### YOUR OBJECTIVE
Set down, word for word, the line with "Черный Регулируемый наручный" and the lines after it through the final line of the data below, without pictures.

### PROVIDED MATERIAL

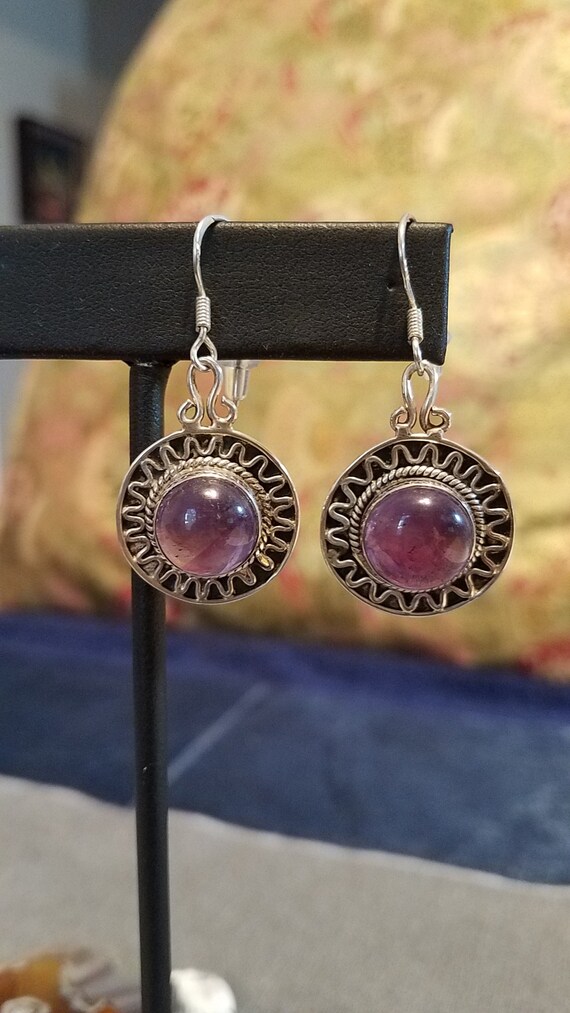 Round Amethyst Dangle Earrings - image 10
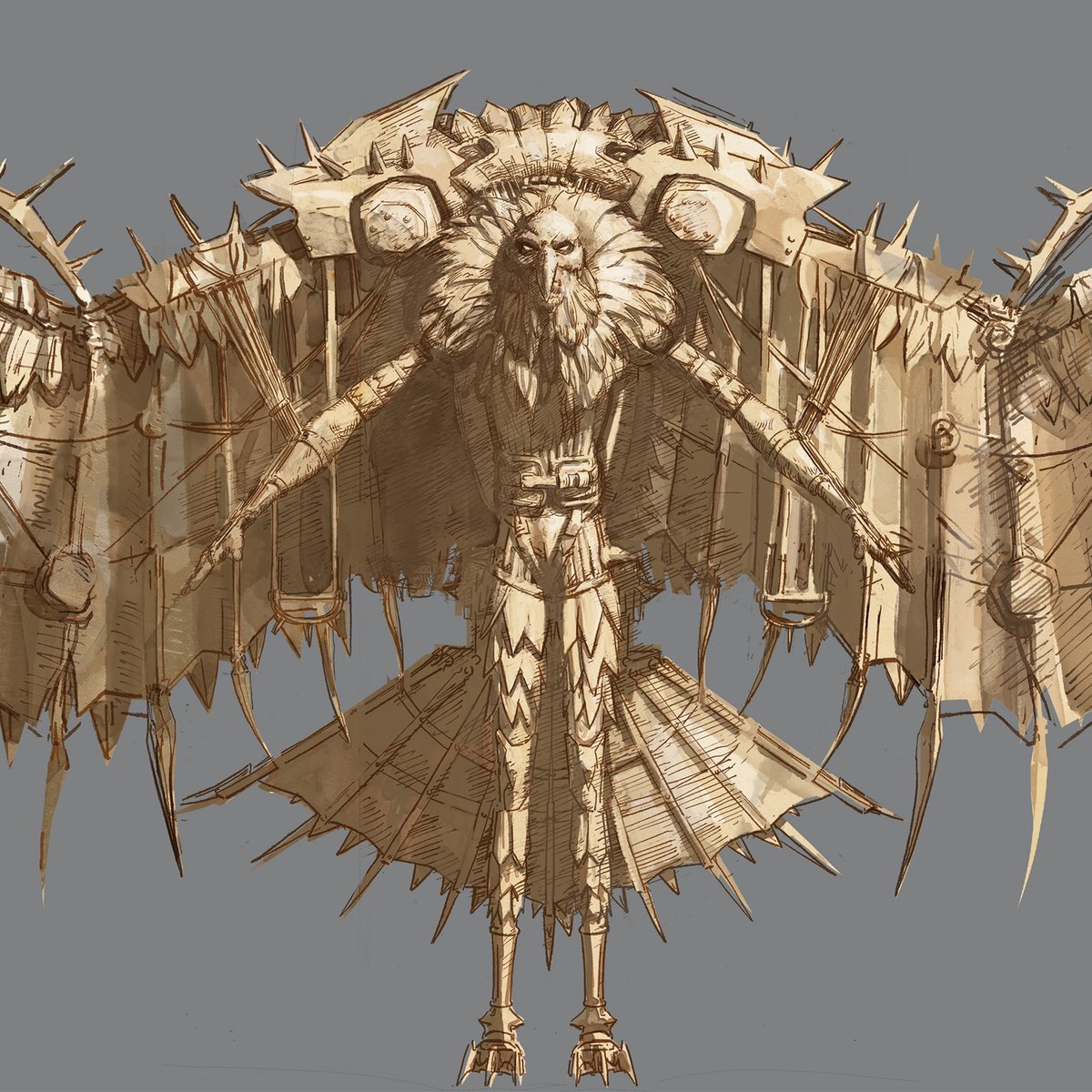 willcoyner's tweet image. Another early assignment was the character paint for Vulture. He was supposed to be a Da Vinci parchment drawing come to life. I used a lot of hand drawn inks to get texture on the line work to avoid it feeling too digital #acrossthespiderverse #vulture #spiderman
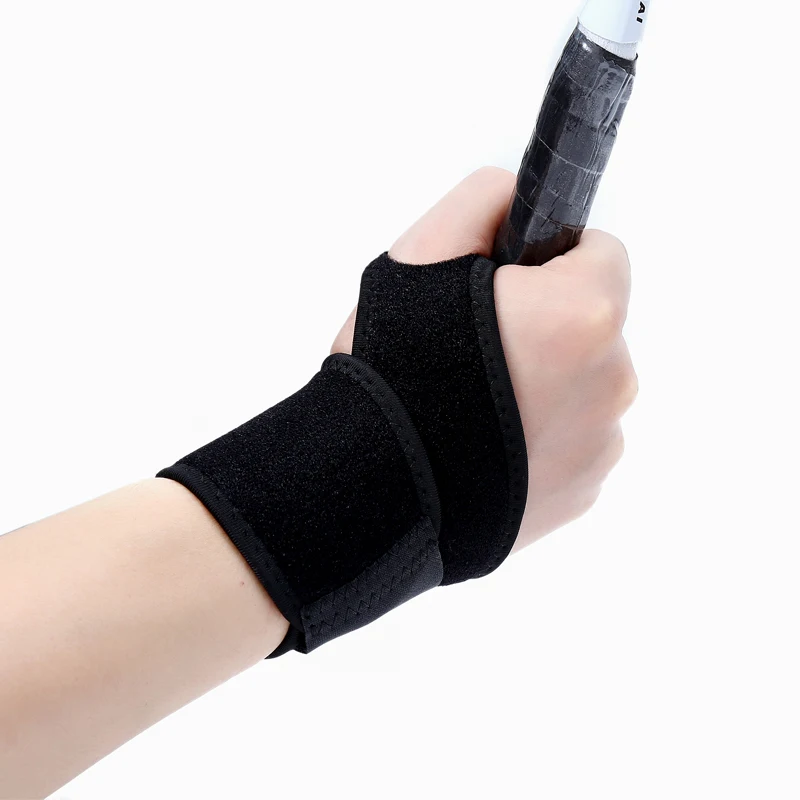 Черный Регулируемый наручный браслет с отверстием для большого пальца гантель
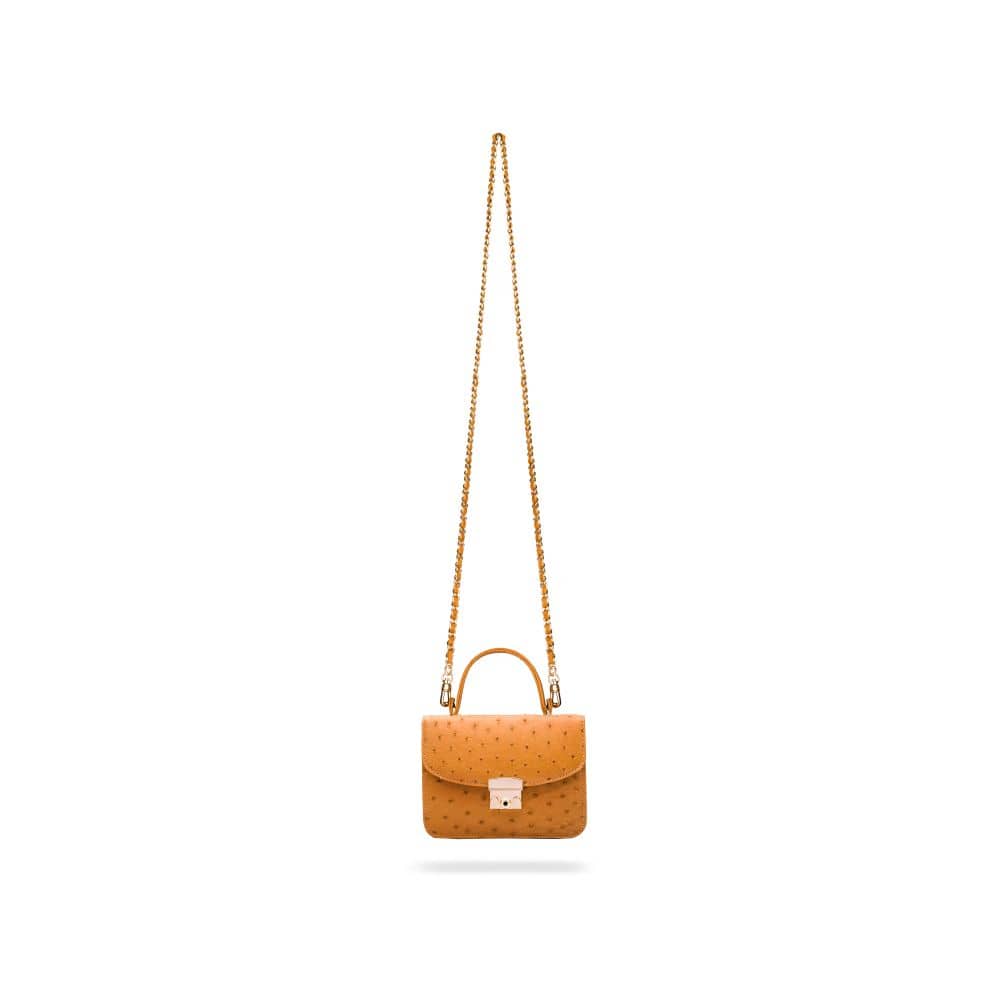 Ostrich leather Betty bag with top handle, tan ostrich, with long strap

### EXERCISE ANSWER
 Черный Регулируемый наручный браслет с отверстием для большого пальца гантель
 Ostrich leather Betty bag with top handle, tan ostrich, with long strap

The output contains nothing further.